- **Task item**:
Below are the records; give again exactly the lines from the one containing "DONGGUAN Creative Modern" through the one containing "Duolla - Candeeiro", leaving out pictures.

- **Data**:
⁂
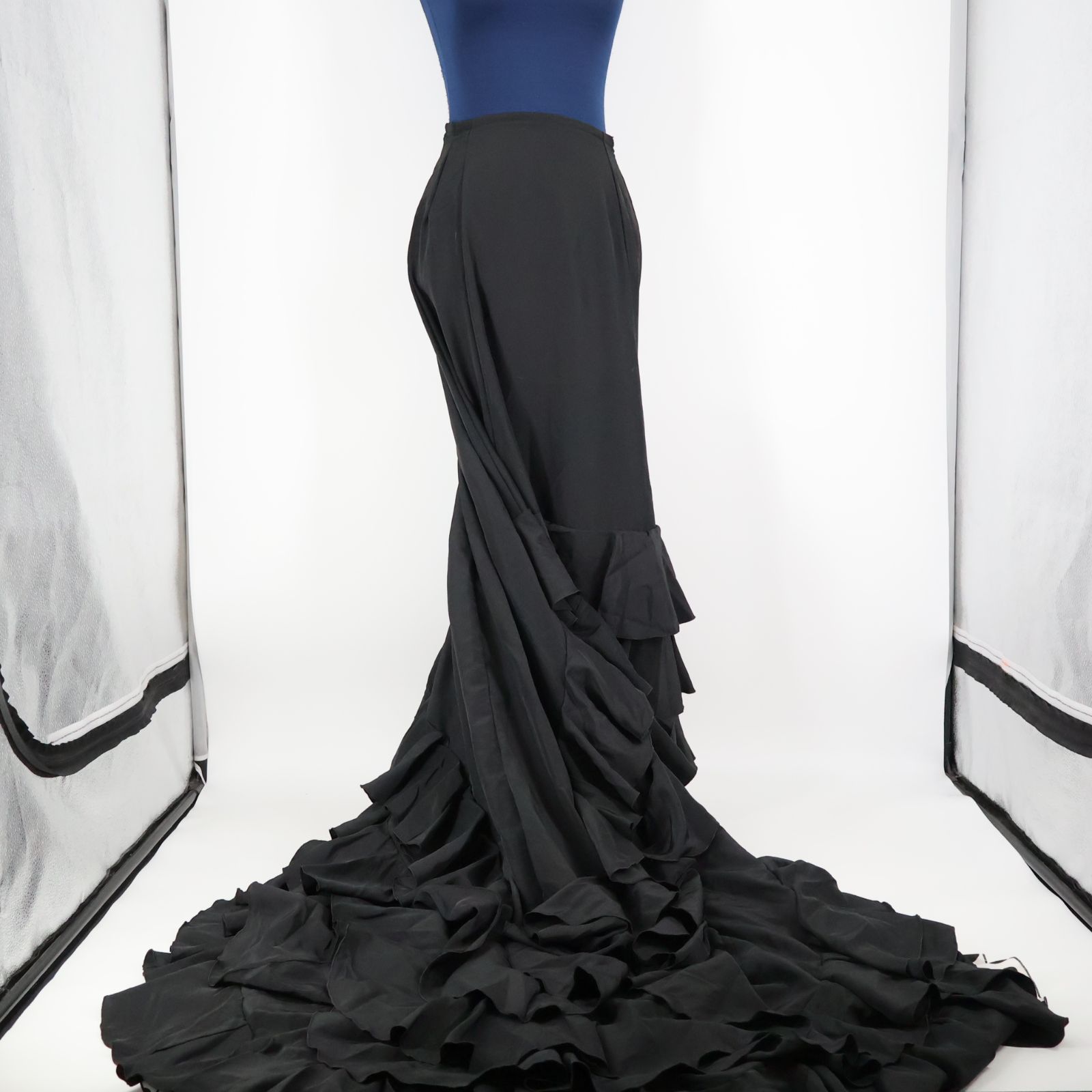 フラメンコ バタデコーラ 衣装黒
⁂
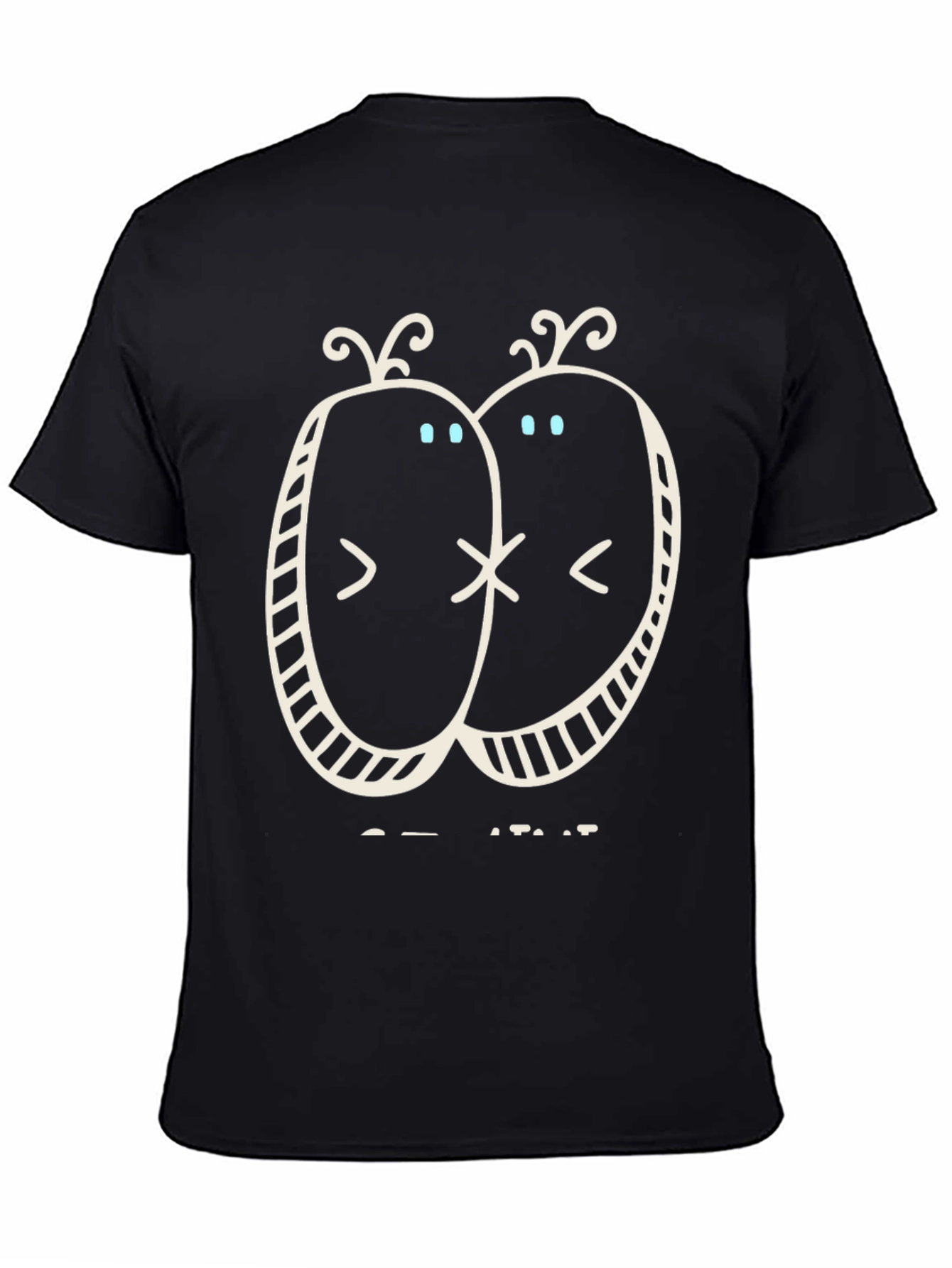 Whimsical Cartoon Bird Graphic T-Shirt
⁂
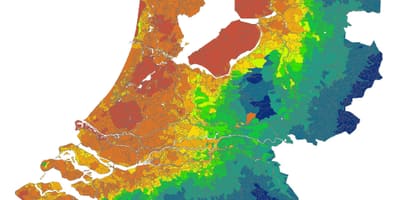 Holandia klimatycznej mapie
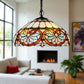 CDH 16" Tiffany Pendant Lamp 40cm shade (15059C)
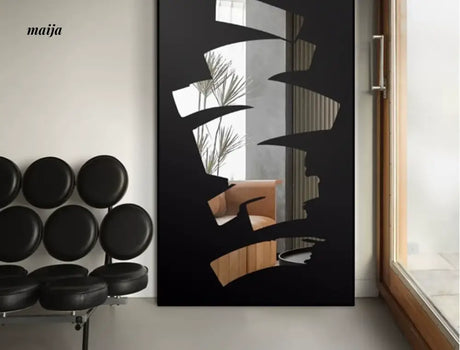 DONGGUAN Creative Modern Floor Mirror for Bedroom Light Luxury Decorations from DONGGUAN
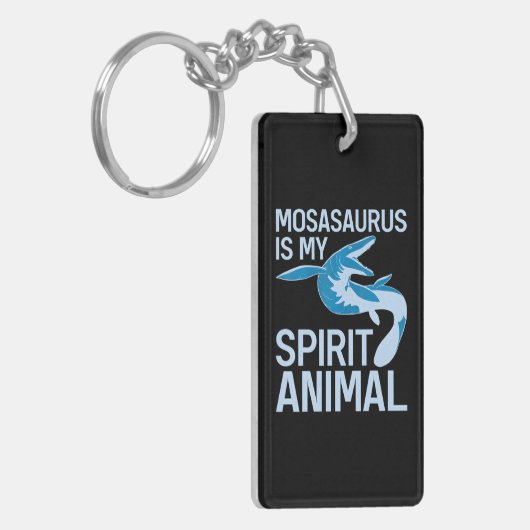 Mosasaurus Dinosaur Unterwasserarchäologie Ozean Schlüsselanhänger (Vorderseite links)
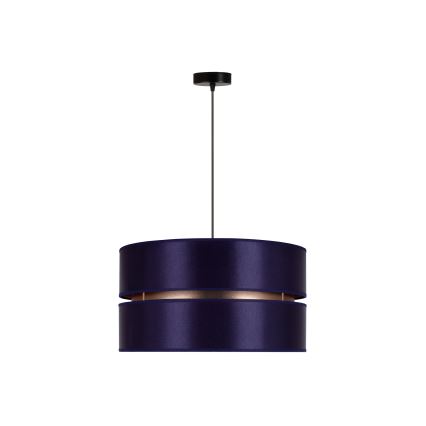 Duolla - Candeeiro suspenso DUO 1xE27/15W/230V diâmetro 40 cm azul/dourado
⁂
- **Worked solution**:
 DONGGUAN Creative Modern Floor Mirror for Bedroom Light Luxury Decorations from DONGGUAN
 Mosasaurus Dinosaur Unterwasserarchäologie Ozean Schlüsselanhänger (Vorderseite links)
 Duolla - Candeeiro suspenso DUO 1xE27/15W/230V diâmetro 40 cm azul/dourado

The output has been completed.